Another Spanish firm, Meliá, said it would withdraw from its partnership running 15 Cuban hotels. Blue Diamond, a Canadian company that ran dozens of hotels in Cuba, also announced it was pulling out.


Citing an announcement from the company, news reports said Indonesian chain Archipelago International had also closed shop. The website for the company’s Aston Hotels in Cuba showed it was “no longer available for accommodation.”


The proposed U.S. sanctions are part of a series of stringent measures by the Trump administration designed to cripple Cuba’s economy and force economic and political change.


Trump on Thursday told reporters in Washington that Cuba had “sort of collapsed.”

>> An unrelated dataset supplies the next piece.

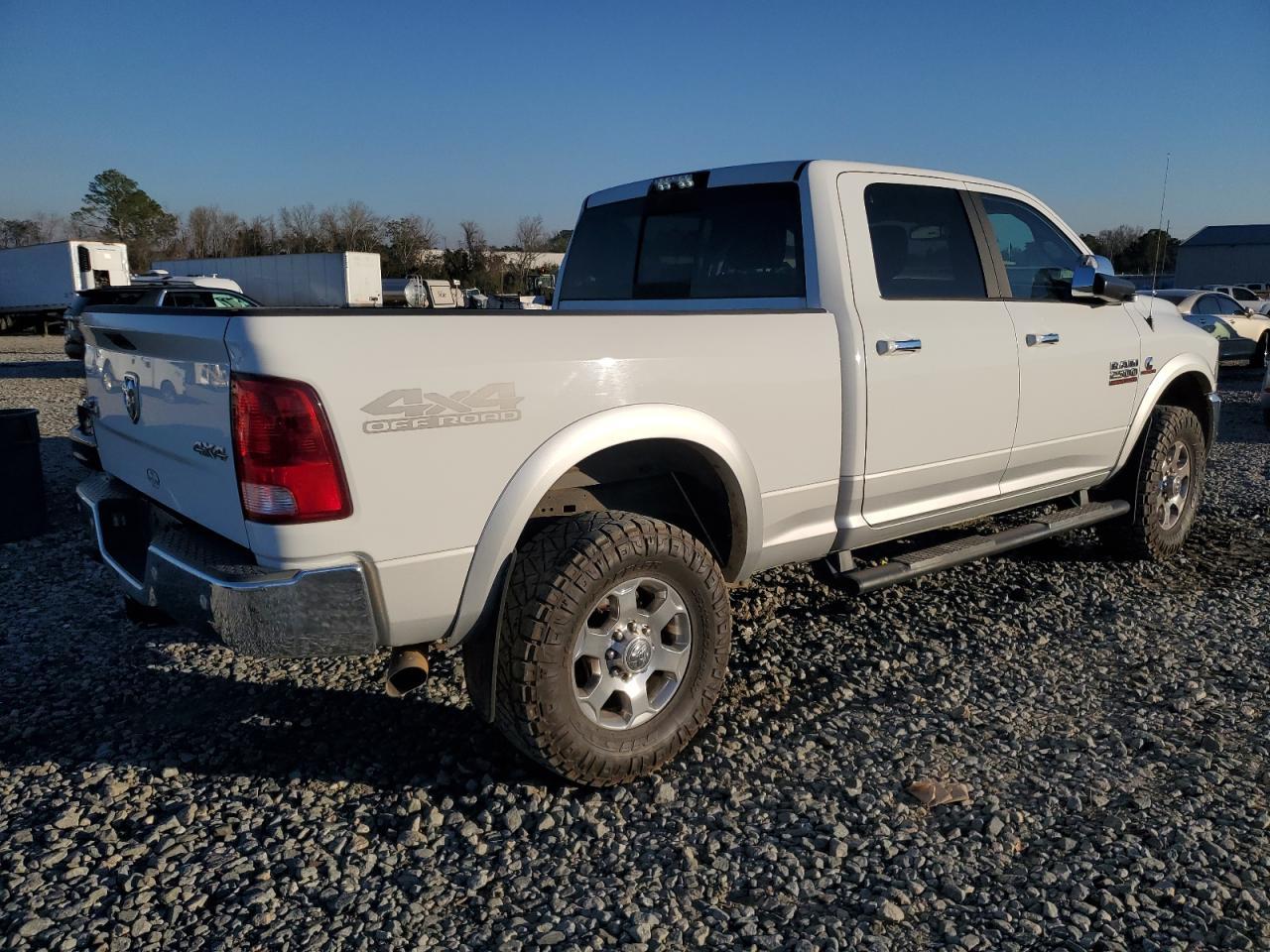 2018 RAM 2500 SLT - Image 3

Repeating a statement he had made in the past, he said he would “handle” Cuba as soon as his administration moves on from the conflict with Iran. “As soon as that’s done, on our way back, we’ll just make a little brief stop,” the president said without providing specific details.


Trump’s tightening vise on Cuba, including an effective oil blockade, is worsening a humanitarian crisis, leaving millions of people enduring extended power outages and struggling to find food and gasoline.


The U.S. State Department said on Thursday it was adding five more Cuban officials and five entities to a list of sanctioned people and companies, including President Miguel Díaz-Canel and his family.


Vast neighborhood groups organized by the government, called the Committees for the Defense of the Revolution and known for spying on local residents, were also targeted, as was Cuba’s gold mining venture.


“The entities and individuals designated today direct or fund the regime and its efforts to mobilize its radical revolutionary movements in the United States and around the world,” Secretary of State Marco Rubio said in a statement.


Two major shipping companies, one German and the other French, had already announced plans to cease operations in Cuba.


The United Nations’ World Food Program was forced to put off plans to purchase nearly 3,000 tons of food for Cuba “because we cannot find a shipping solution to bring it to Cuba,” said Etienne Labande, the agency’s Cuba country director.


The World Food Program, which was helping supply provisions for Cuba’s subsidized food rations, is also trying to find other ways to pay for fuel from Cuba’s national network because it can no longer pay with Visa or Mastercard, he said.


The Trump administration’s sanctions against foreign companies, announced in May, largely targeted GAESA, the military conglomerate that operates everything from retail businesses to the tourism industry.

Seth Eisen, a spokesperson for Mastercard, said the decision to withdraw had not been made by Mastercard.


The bank that had managed the company’s transactions decided to limit operations in Cuba, and without the foreign financial partner, Mastercards will not work to make purchases in Cuba, he said.


Visa, Iberostar and Blue Diamond did not respond to a request for comment. Meliá, in a statement, said its decision to leave Cuba “was made out of a deep sense of corporate responsibility,” but that the impact of its decision was limited because most of its hotels were already closed.


Cuba’s tourism sector has largely collapsed. In January, the Trump administration blocked fuel deliveries to Cuba, which limited the availability of jet fuel and led several airlines to cancel service.


“The reach of these sanctions was much wider and stronger, especially among the hotel chains,” said Paolo Spadoni, a political economist at Augusta University in Georgia who studies Cuba’s tourism industry.


The State Department acknowledged that the withdrawal of the hotel firms was precisely what the measures were intended to accomplish.


“Our sanctions are deliberately targeted to prevent the Cuban military and security services from profiting off international investment in Cuba to fund their continued oppression of the Cuban people and threat to U.S. national security,” the State Department said in a statement provided to the New York Times.


“Companies choosing to exit the Cuban market are making a prudent decision to comply with U.S. law and avoid enriching a regime that routinely violates fundamental human rights.”